Friday, February 24, 2012

FU Cancer

My Dad has been battling prostate cancer since right before Katrina (2005). The doctors removed his prostate in October 2005 and supposedly the cancer with it. His cancer returned about a year ago. He currently gets treatment five days a week.

He says, "I guess cancer doesn't grow on the weekends or holidays. And apparently you don't need a prostate to have prostate cancer."

My Dad is 76, but is quite active. I realize that I'm going to lose him soon-ish, but am not ready for that day yet.

My cousin Paul - three years younger than I am - has been battling colon and liver cancer for over three years. The doctors keep giving him a positive diagnosis - and then the cancer spreads or comes back. He's 41 years old. 41. He says that if this fifth regiment of treatment doesn't work, he's giving up. We don't believe him - and I really don't hope he's serious.

My aunt Barbara - Paul's mom, and my Mom's younger (66-year-old) sister - has been battling brain cancer for the last year. Her PET scan came back two weeks ago: The cancer has spread throughout her body. Her doctor says that she has single digit months to live. She is living with my cousin David - a doctor - and his gorgeous, patient wife Becki on the Northshore for now. The day before Mardi Gras (three days ago), however, she was admitted to the hospital for an irregular heartbeat. She was moved from the ICU to the "regular" hospital on Wednesday afternoon.

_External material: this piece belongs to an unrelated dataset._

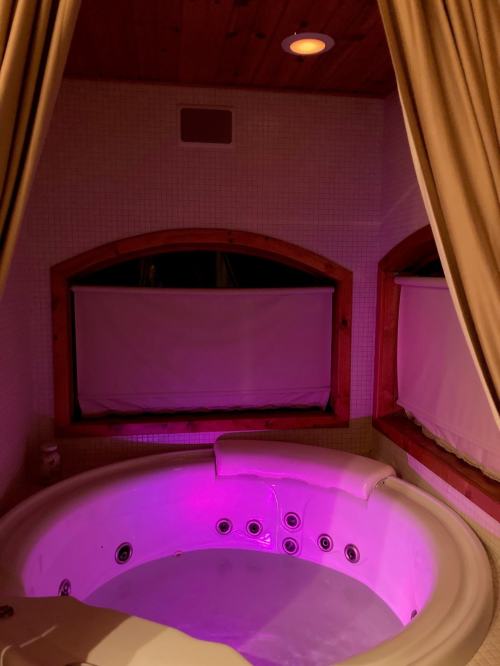 A cozy, dimly lit hot tub with purple lighting, surrounded by curtains and wooden accents.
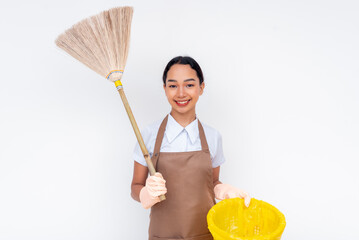 Young female cleaner joyfully holding a broom and a wastebasket, symbolizing cleanliness and positivity. The image features a professional in a brown apron and gloves set against a white background.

Carlos and I visited with Barbara on Ash Wednesday, while she was still in ICU. She is still Barbara, but we can tell that she is beginning to forget things: A physical therapist stopped in while we were visiting. While attempting to answer questions, Barbara sometimes deferred to Becki. Sample question: "How do you exercise daily?" Barbara wasn't sure and looked toward Becki for the answer.

Another update another day. I have more to add to this story, but I'm angry and upset right now - so have to move on.

2 comments:

jason said...

I know....it's terrifying to even think of losing your parents. It keeps me up at night. I'm serious.
And maybe crazy too.
But anyway, I'll keep your aunt Barbara in my prayers. It can't hurt.

Criz said...

That make me drop down my tears, I'm sorry to hear that.